La réponse de Mark n’était pas précise, mais elle n’avait pas besoin de l’être ; je savais ce qu’il voulait et, même si c’était une expérience inédite pour moi, je l’avais souvent vue démontrée dans des vidéos sur internet. Sans hésiter, je me suis glissée le long du lit, soulevant déjà la verge molle de Mark au fur et à mesure que je descendais. En quelques secondes, elle était passée entre mes lèvres réceptives pour se loger dans ma bouche avide. Cette première expérience de sexe oral reposait davantage sur mon enthousiasme que sur mon talent, mais j’ai toujours appris vite et, suivant les indications de Mark, j’ai rapidement réussi à rendre son gros pénis à nouveau rigide et plus que prêt à l’action. Il paraissait énorme sous cet angle et j’étais terriblement tentée de le faire jouir — regarder ces filles dans les vidéos recevoir de puissantes giclées de sperme visqueux au visage et dans la bouche est un de mes fantasmes préférés — mais je savais que cela ne me procurerait pas l’orgasme plus intense que je désirais tant. Quand j’ai été sûre que Mark était prêt à y aller, je suis remontée en vitesse sur le lit et me suis agenouillée, le visage posé sur l’oreiller, mon sexe enflammé et vulnérable offert à la vue de tous.

Mark riait en se plaçant derrière moi et, pendant les quelques instants qu’il prit pour guider le gland de son épais membre entre mes lèvres, il murmura : « Tiens, tiens, ça ne m’étonne pas ? » avant de s’enfoncer d’un seul coup violent.
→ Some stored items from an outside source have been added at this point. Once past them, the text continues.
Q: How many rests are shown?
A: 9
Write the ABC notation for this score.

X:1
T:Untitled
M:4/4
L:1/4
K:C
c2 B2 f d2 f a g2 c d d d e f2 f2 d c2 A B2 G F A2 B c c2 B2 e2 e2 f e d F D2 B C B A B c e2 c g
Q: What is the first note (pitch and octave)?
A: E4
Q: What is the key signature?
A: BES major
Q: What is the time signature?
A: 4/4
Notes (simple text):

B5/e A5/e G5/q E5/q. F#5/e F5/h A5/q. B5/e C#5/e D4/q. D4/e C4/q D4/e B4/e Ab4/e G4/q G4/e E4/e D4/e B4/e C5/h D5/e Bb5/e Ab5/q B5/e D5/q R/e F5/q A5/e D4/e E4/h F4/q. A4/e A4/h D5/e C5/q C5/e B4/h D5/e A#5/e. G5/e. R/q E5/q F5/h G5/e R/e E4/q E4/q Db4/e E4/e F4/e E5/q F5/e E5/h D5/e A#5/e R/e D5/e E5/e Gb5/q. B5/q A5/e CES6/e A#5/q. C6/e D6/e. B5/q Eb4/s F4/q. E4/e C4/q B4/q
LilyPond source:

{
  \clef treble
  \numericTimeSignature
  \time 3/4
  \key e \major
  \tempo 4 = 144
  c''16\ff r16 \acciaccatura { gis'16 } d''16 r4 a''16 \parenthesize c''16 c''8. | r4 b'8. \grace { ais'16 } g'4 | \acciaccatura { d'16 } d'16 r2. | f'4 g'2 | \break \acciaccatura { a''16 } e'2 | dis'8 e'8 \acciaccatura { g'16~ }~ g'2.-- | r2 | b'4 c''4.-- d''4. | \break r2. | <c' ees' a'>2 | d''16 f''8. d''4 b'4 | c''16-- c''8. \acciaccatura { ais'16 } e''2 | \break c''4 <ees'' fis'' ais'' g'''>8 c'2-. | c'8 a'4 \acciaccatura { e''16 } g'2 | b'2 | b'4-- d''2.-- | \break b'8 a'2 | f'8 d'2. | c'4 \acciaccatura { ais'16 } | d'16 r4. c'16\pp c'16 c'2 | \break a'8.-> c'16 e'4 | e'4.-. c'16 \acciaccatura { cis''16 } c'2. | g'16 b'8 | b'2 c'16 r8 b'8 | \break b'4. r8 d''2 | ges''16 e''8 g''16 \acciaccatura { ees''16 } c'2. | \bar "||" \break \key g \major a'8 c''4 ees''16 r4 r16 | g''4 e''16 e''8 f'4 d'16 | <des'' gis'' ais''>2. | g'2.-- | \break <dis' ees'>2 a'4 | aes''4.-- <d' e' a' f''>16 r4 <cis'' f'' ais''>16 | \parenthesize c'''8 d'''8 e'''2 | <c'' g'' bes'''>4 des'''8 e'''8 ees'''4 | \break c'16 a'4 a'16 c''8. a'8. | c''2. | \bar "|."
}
Notre première étreinte s’était terminée dans une sorte de frénésie, et cette fois-ci, elle commença de la même manière, mais parvint malgré tout à devenir encore plus passionnément violente avant de s’achever. Mark avait clairement compris mon manège : je n’avais aucun intérêt pour des ébats doux et convenables — je pouvais avoir ça à la maison avec mon mari dévoué — avec Mark, je voulais me comporter comme une salope et qu’il me traite comme telle ! Je ne fus pas déçue. Fort de la maîtrise de soi que lui avait permis notre précédente étreinte, Mark me pénétra comme un possédé, malaxant mes seins, me giflant les fesses et tirant sur mes cheveux en désordre tandis qu’il s’enfonçait en moi sans relâche.

J’avais perdu le compte du nombre de fois où j’avais joui pendant l’agression de Mark, ni même de sa durée. À la fin, j’étais trempée de ma propre sueur et de celle de Mark, et épuisée au-delà de toute croyance. Je n’aurais probablement même pas remarqué son propre orgasme s’il ne l’avait pas ponctué d’un coup de pouce — ou peut-être d’un doigt ? — brutal dans mon anus. Cela a certainement ramené mon attention à la réalité, mais qu’est-ce que cela présageait pour la suite ? Alors que tout le poids de Mark s’abattait sur moi, je me suis effondrée sous lui, enfoncée dans le matelas. Je pouvais à peine respirer. Heureusement, cela n’a duré que quelques secondes, avant que je ne l’entende s’exclamer « Oh merde ! » et que son poids ne disparaisse. À peine trente secondes plus tard — j’étais encore à bout de souffle — j’ai entendu la porte d’entrée claquer et j’ai su que Mark était parti. Une sortie peut-être à la hauteur de notre sordide étreinte ?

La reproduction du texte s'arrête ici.